### What to work on
The answer must consist only of the lines in the records below from the line with "You'll be asked" to the line with "When you're done, open", both included, copied word for word with every picture left out.

### Available data
***

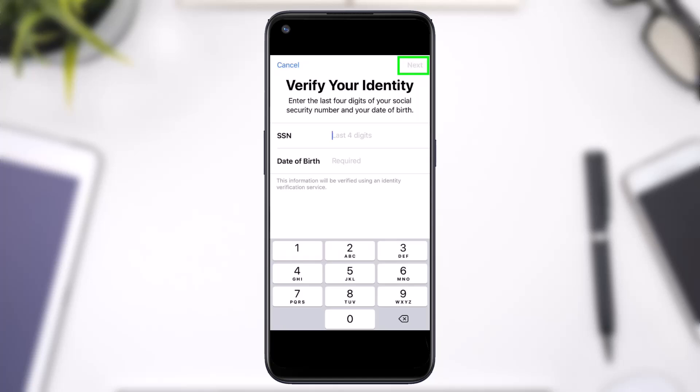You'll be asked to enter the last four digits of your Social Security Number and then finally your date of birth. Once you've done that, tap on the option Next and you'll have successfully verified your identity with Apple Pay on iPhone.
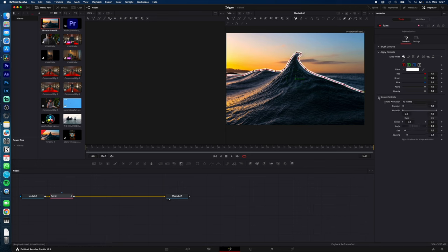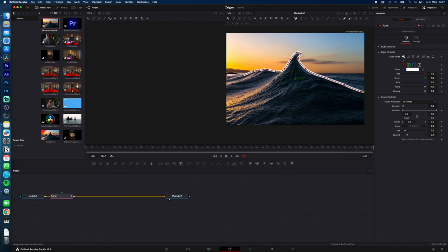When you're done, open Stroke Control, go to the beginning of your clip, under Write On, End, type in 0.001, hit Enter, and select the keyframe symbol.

***

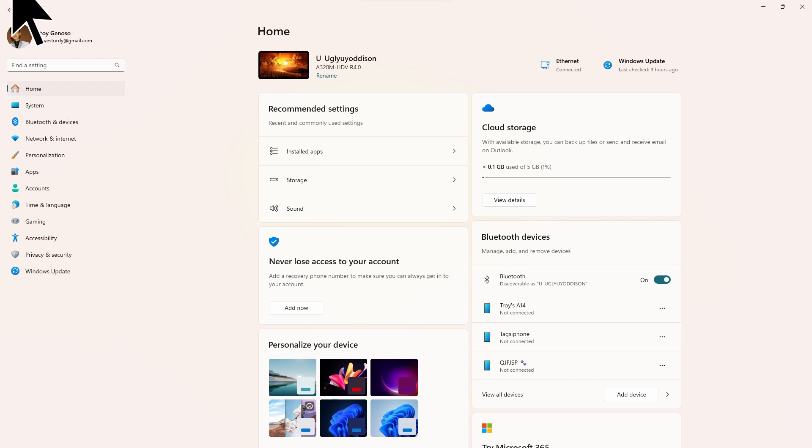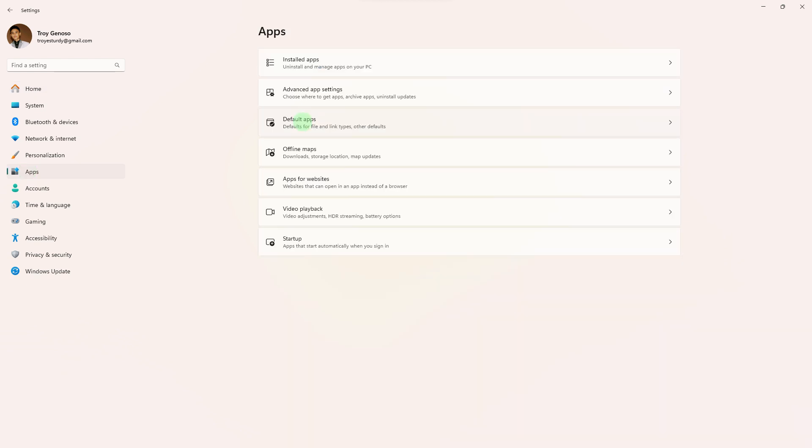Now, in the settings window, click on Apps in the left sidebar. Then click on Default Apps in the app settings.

***

### Reply
You'll be asked to enter the last four digits of your Social Security Number and then finally your date of birth. Once you've done that, tap on the option Next and you'll have successfully verified your identity with Apple Pay on iPhone.
When you're done, open Stroke Control, go to the beginning of your clip, under Write On, End, type in 0.001, hit Enter, and select the keyframe symbol.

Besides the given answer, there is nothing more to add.